** Input data follows **

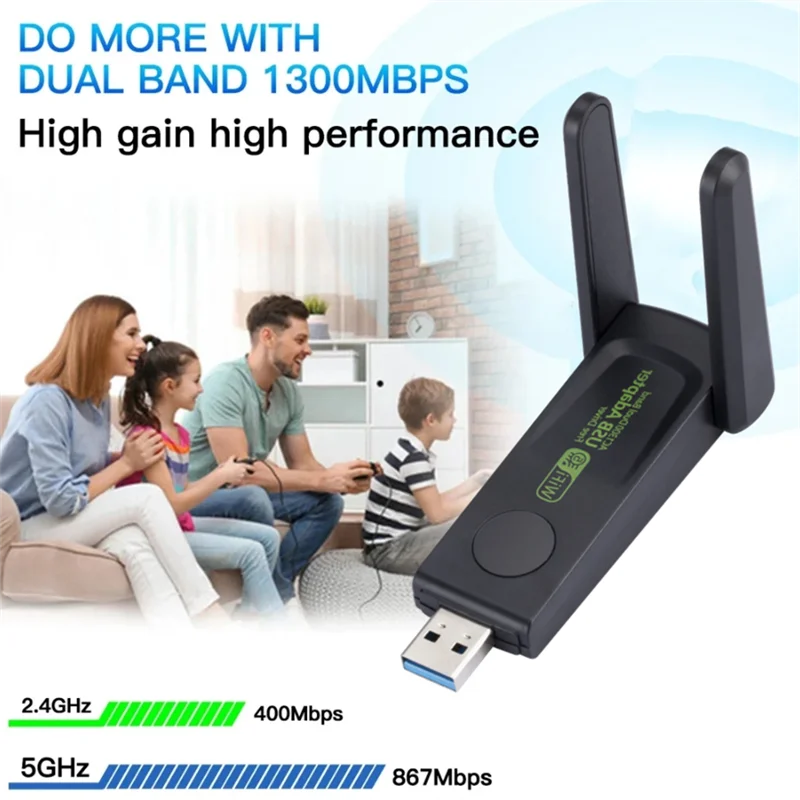 1300Mbps USB3.0 WiFi Adapter Dual Band 2.4G+5Ghz Wireless WiFi Dongle Antenna USB Ethernet Network Card Receiver For Desktop PC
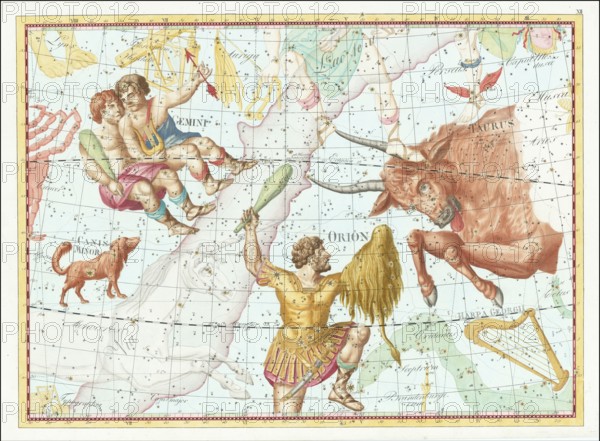 Zodiac sign, constellation, star chart, universe, astrology, horoscope, after Johann Elert Bode (19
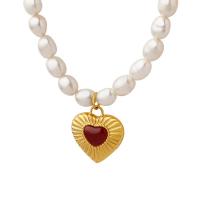 Agate Freshwater Pearl Necklace, with Titanium Steel & Agate, with 1.97inch extender chain, Heart, plated, fashion jewelry & for woman, 16*15mm,5mm Approx 15.75 Inch 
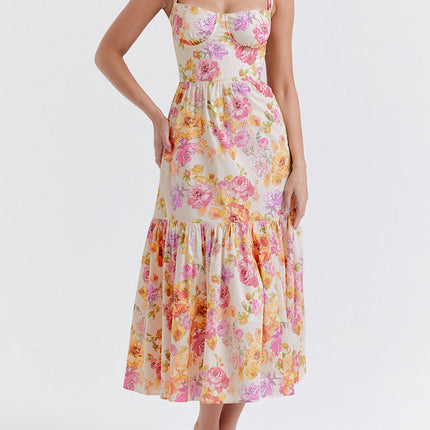 Onbely robe de soirée Mi-Longue Imprimée à Fleurs à Fines Brides pour Bal de Promo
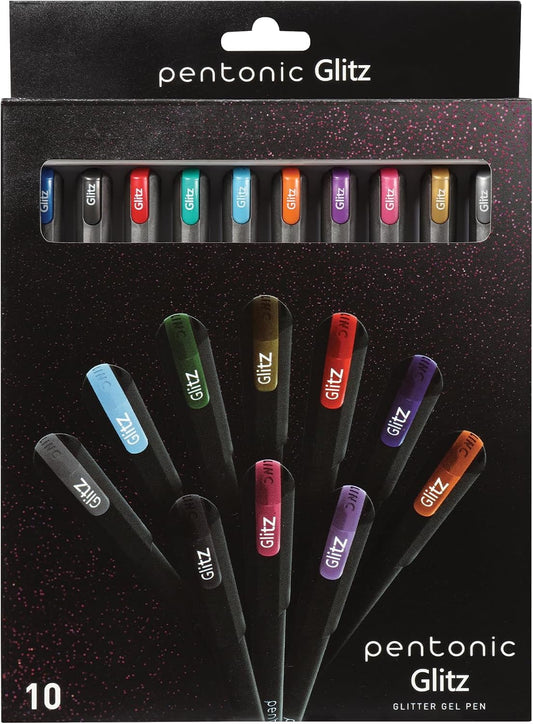 Pentonic Glitter Gel Pens, 10 Count, 10 Assorted Colors, 1.0 mm Bold Point, Smooth Writing For Journaling, Notetaking & Art Projects (1002365)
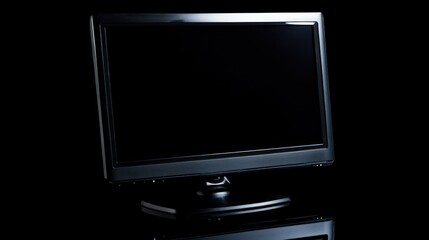 A black LCD computer monitor against a black background, sleek design.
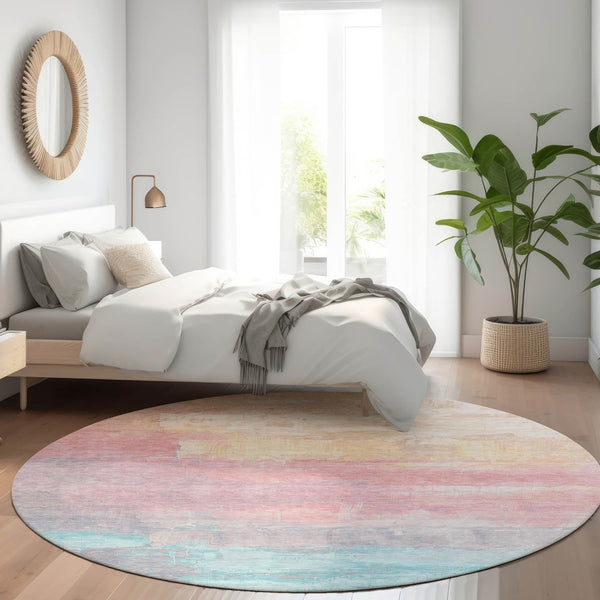 HomeRoots 5' Salmon and Beige Abstract Indoor Outdoor Area Rug – Durable, Washable, and Stylish for Any Space 8' Round 610963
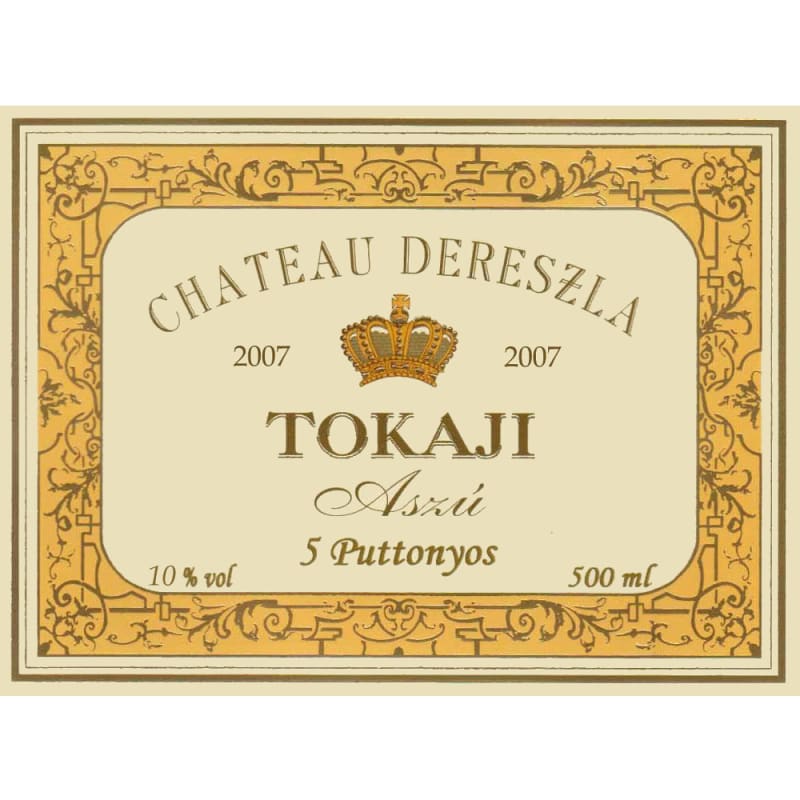 Chateau Dereszla Tokaji Aszu 5 Puttonyos (500ML) 2007 Front Label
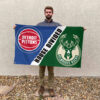 Detroit vs Milwaukee House Divided Flag, NBA House Divided Flag 2 Detroit vs Milwaukee House Divided Flag, NBA House Divided Flag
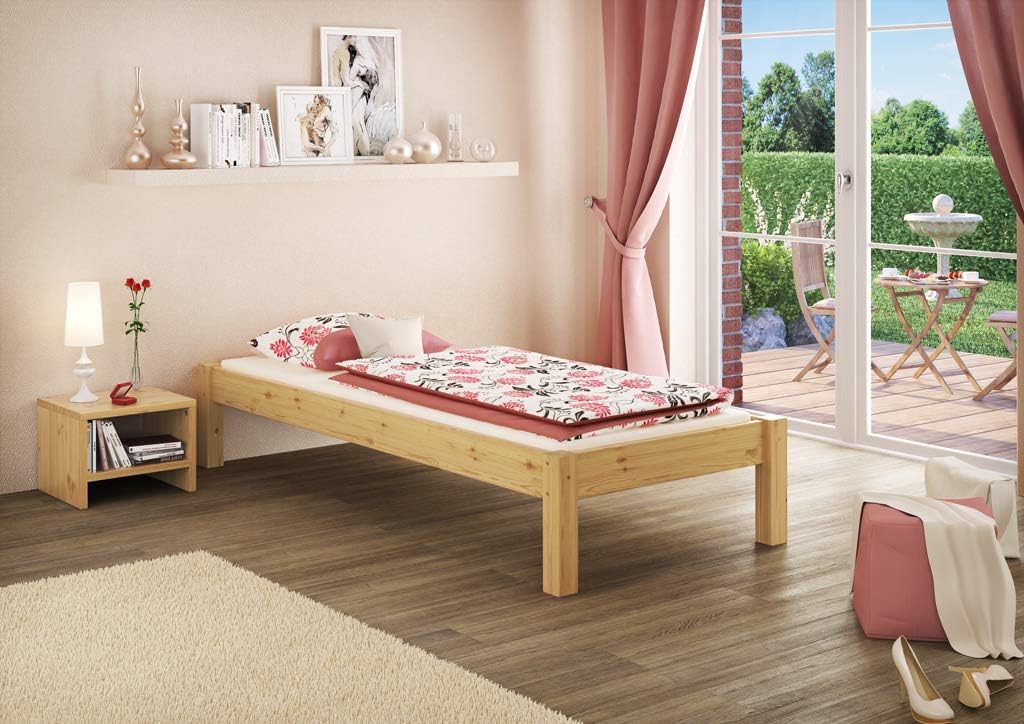Erst-Holz® Einzelbett Kiefer Natur 80x200 Massivholzbett Futonbett Jugendbett Rollrost 60.35-08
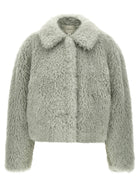 Vince Eco Fur Crop Jacket Green
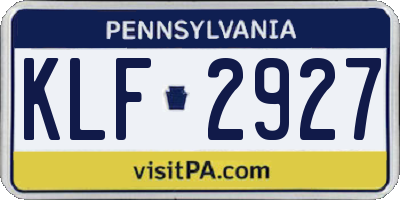 PA license plate KLF2927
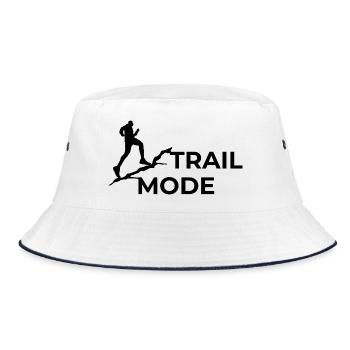 Trail Mode - Trailrunning Design Berglauf - Bucket Hat - Weiß/Navy - Vorne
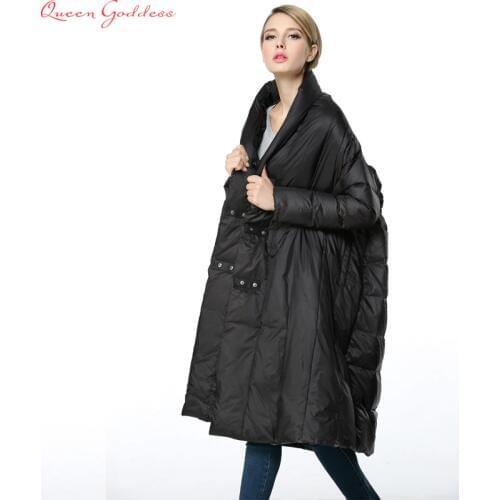 Europe fashion high-quality asymmetrical female cocoon coat jacket long down jacket women winter collection plus size outwear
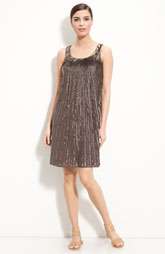 St. John Collection Flared Silk Dress with Sequin Trim Was: $1,695.00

** End of Input data **

- [About this task] Omit the pictures and please write out exactly the lines between the one containing "Vince Eco Fur Crop Jacket Green" and the last line of the entries, both included.

- [Completed exercise]
 Vince Eco Fur Crop Jacket Green
 PA license plate KLF2927
 Trail Mode - Trailrunning Design Berglauf - Bucket Hat - Weiß/Navy - Vorne
 Europe fashion high-quality asymmetrical female cocoon coat jacket long down jacket women winter collection plus size outwear
 St. John Collection Flared Silk Dress with Sequin Trim Was: $1,695.00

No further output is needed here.